Pero Wikileaks siguió haciendo su trabajo. Y mientras el nuevo Gobierno de Ecuador negociaba, en forma simultánea, la entrega de Assange y un crédito blando de parte del FMI, el BID y el BM (4.200 millones), publicaron una serie de documentos que vincularon al presidente Lenin Moreno con cuentas corrientes panameñas offshore (secretas), con fondos imposibles de justificar. Enfurecido y actuando contra expreso mandato constitucional, se retiró a Assange, por vía administrativa, el asilo y la ciudadanía, dejándolo en manos de la policía británica.
Cuando Mike Pompeo asumió la dirección de la CIA en 2017 (luego fue secretario de Estado de Trump), no habló de Corea del Norte, ni de Irak, ni del narcotráfico. Habló de Wikileaks y de Assange. Dijo, por ejemplo, que “ni su idealismo ni la transparencia eran excusas para poner en riesgo los ‘valores occidentales” (sic)… y lo acusó de ser uno de los mayores enemigos de EE.UU. Meses antes, en plena campaña electoral, Pompeo, al igual que Trump, retuiteaba y celebraba sus publicaciones.
Pero el signo de los tiempos ha cambiado. Hoy nadie cree que decir la verdad o denunciar un delito pueda ser un delito. El silencio cómplice ya no es ni leal ni patriótico. Sencillamente no está de moda. Y con internet y redes sociales, ya no hay forma de imponer narrativas oficiales ni de ejercer control sobre millones de usuarios y fuentes de información. Basta una persona decente y sin miedo para que los abusadores y los corruptos sean puestos en descubierto.

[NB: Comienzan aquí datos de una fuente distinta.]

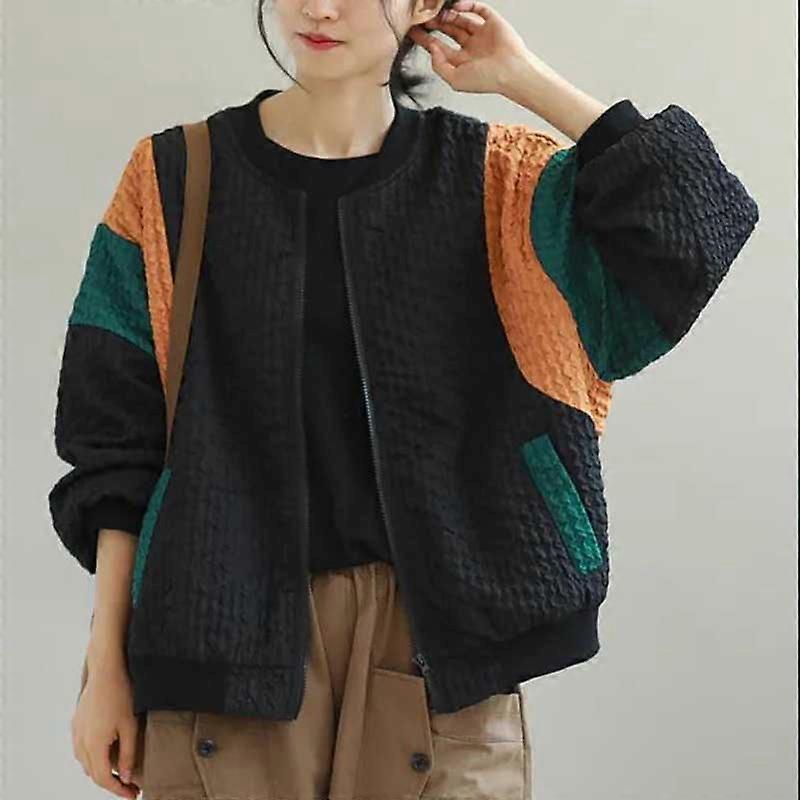 Loose Plus Size Jacket Women Stitching Contrast Color Plus Size Casual Long-sleeved Top Coat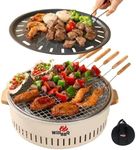 WillBBQ Charcoal BBQ Grill Table Top Multiple Function Round Grill Korean BBQ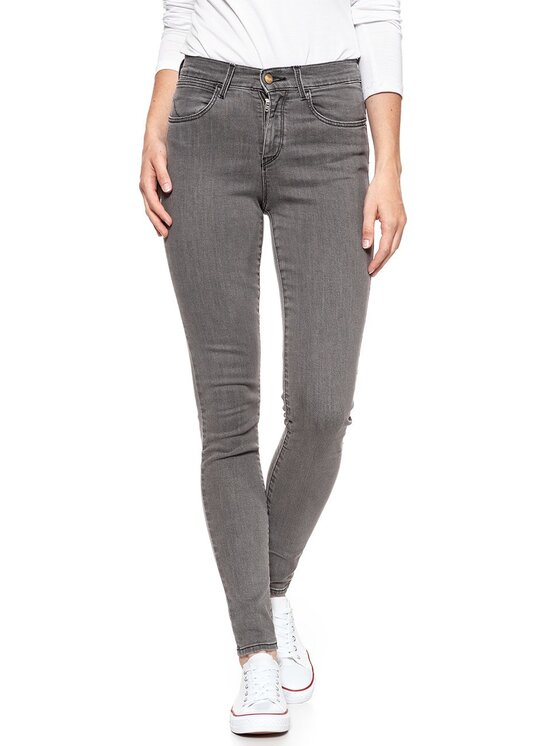 Wrangler Wrangler Jeansy HIGH RISE SKINNY Szary Skinny Fit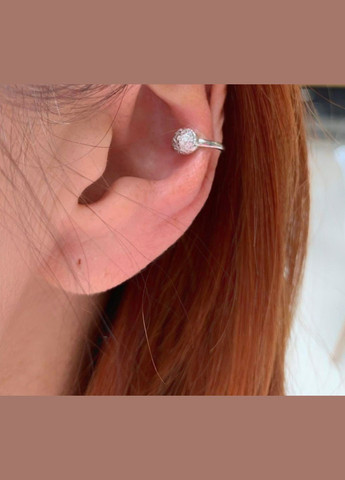 Серебряная сережка Каффа обманка Шарик в Белых Камнях серебро 925 пробы Родированное 563р No Brand (306742962)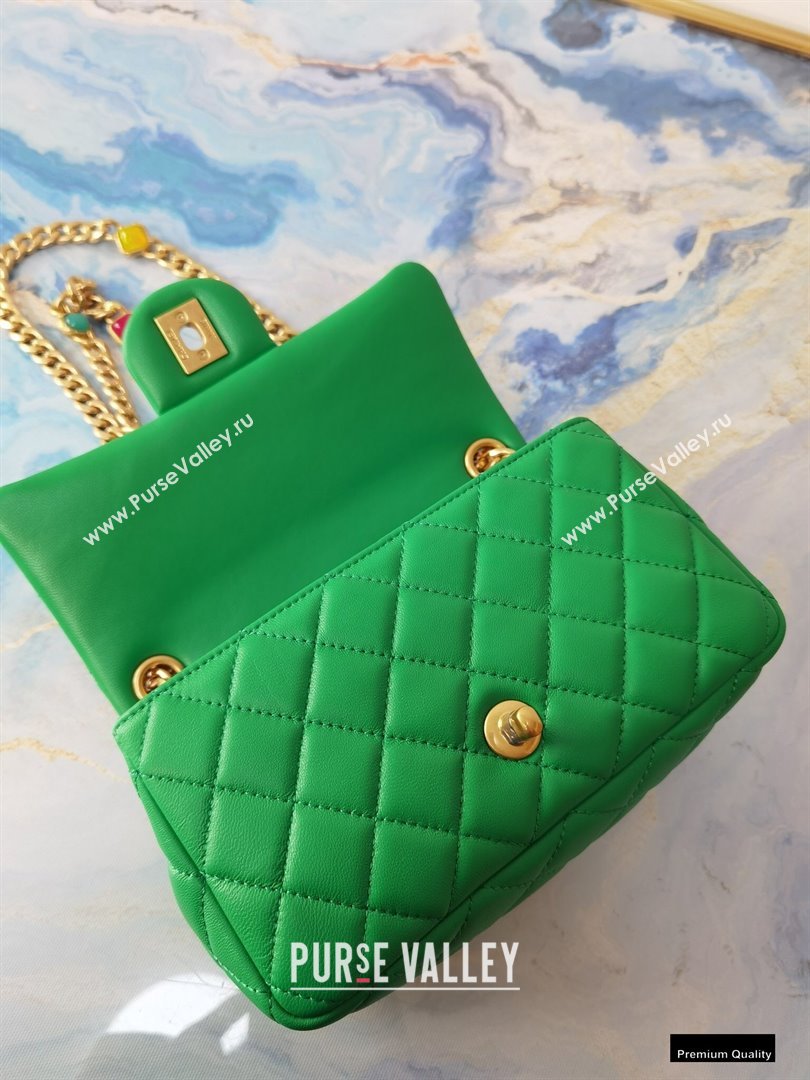 Chanel Resin Chain Lambskin Small Flap Bag AS2380 Green 2021 (jiyuan/haoyun-21012232)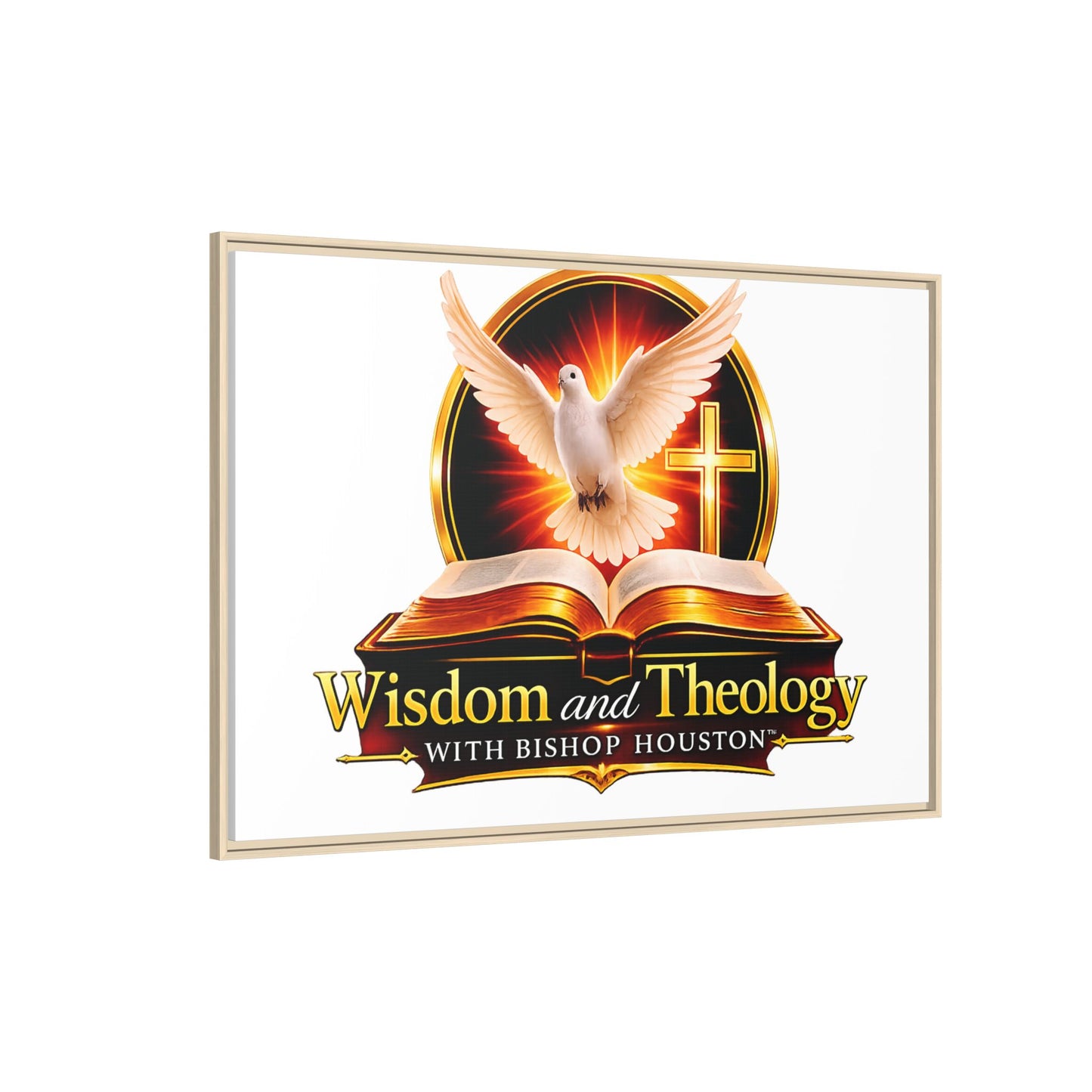 Framed Canvas Print — "Wisdom and Theology" Dove & Bible Wall Art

Por eso, la elección presidencial norteamericana tuvo todo que ver con la liberación de Assange. Mientras la extradición fuese tema, inevitablemente se recordarían las miserias de los Clinton, de los demócratas y del establishment republicano, tan vinculado históricamente a golpes de Estado, guerras interminables y un prebendario “complejo militar industrial”. Las nuevas generaciones, las mismas que usan TikTok y juegan Fornite, no simpatizan con la mentira, la guerra, ni las sucias componendas políticas “por razones de Estado”.

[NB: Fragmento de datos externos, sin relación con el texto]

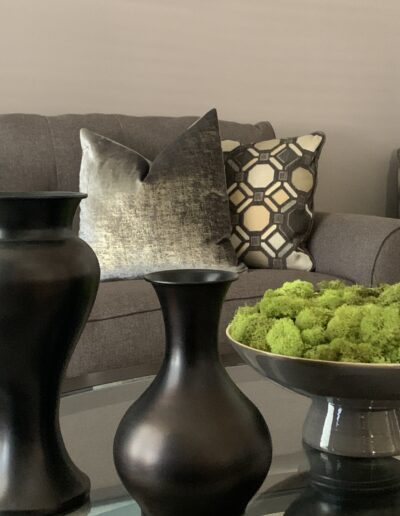 Modern living room decor with decorative vases and moss centerpiece on a glass table in front of a gray couch with patterned pillows.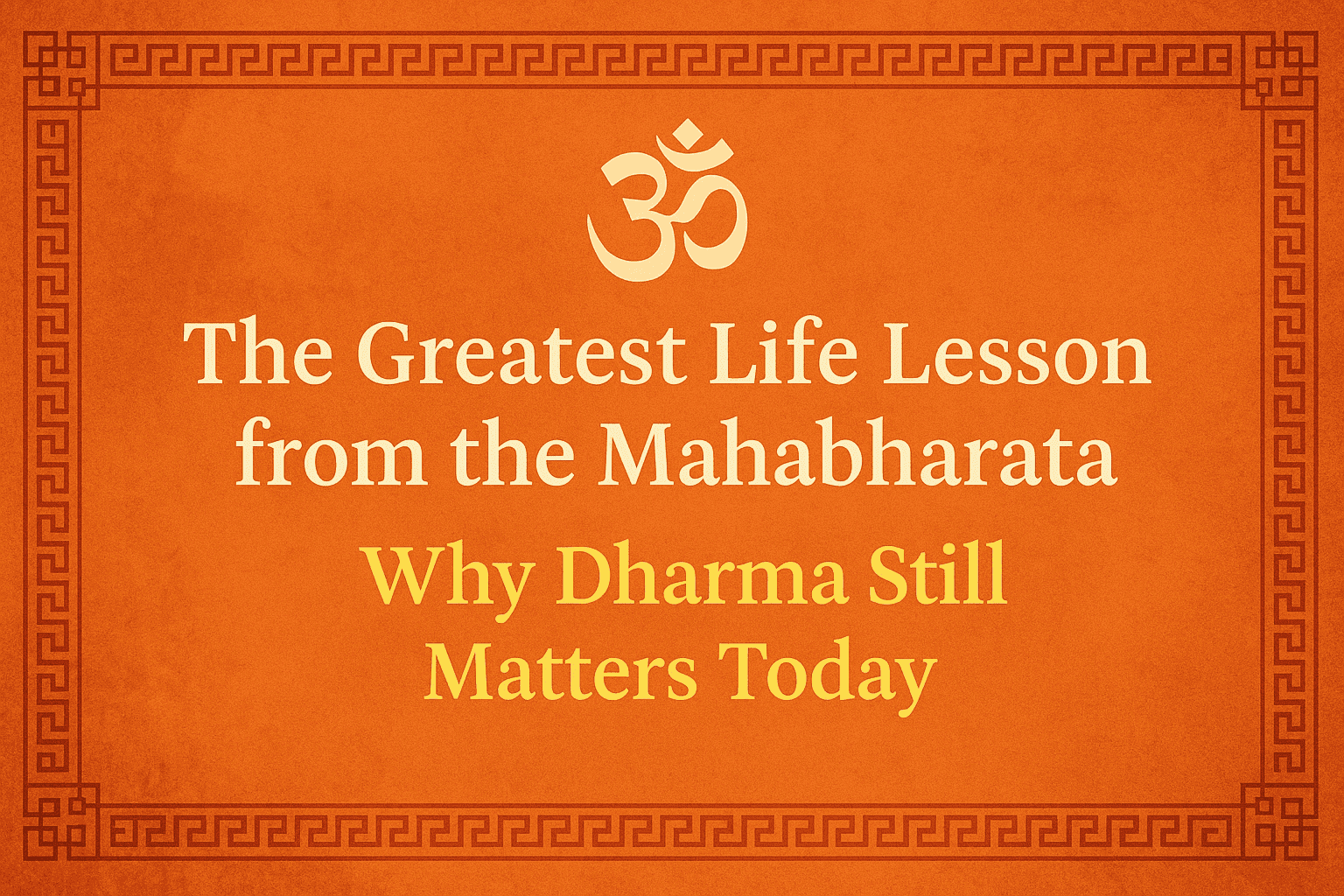 The Greatest Life Lesson from the Mahabharata: Why Dharma Still Matters Today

Lo único triste del “acuerdo con la fiscalía” es que nos privará apreciar la sólida voz final del Tribunal Supremo de EE.UU., que sin duda respaldaría el derecho de los medios y de Wikileaks a publicar la verdad y, probablemente, ordenaría indemnizar a Assange. Pero para eso era necesario esperar otra decena de años, y que Assange siguiera vivo, ambos costos demasiado altos y riesgosos. Más valía seguir el ejemplo de Sigmund Freud (82) para escapar de la persecución nazi: aceptar firmar una pícara carta de elogio a la “nueva Alemania”, donde agradecía la “generosidad del führer” y ofreció pagar un inexistente “impuesto de salida”.
Hoy todos sabemos que, tal como dijo Alan Dershowitz, el abogado que llevó el caso de los papeles del Pentágono en 1971, “no hay diferencia constitucional entre Wikileaks y el New York Times”.
La tesis de Pompeo y de los “halcones” de la política exterior norteamericana, de que la libertad de expresión no es para todos, encontrará por sí misma su lugar en la historia.
Nota: Por “razones de seguridad”, no se permitió a Assange volar en vuelo comercial a su natal Australia. Se le obligó a contratar un vuelo privado, y a pagar el costo del mismo (520.000 USD). Actualmente, su familia se encuentra haciendo una campaña para recolectar fondos, a la cual el autor de esta nota ya ha hecho su pequeño aporte solidario (Bitcoins accepted).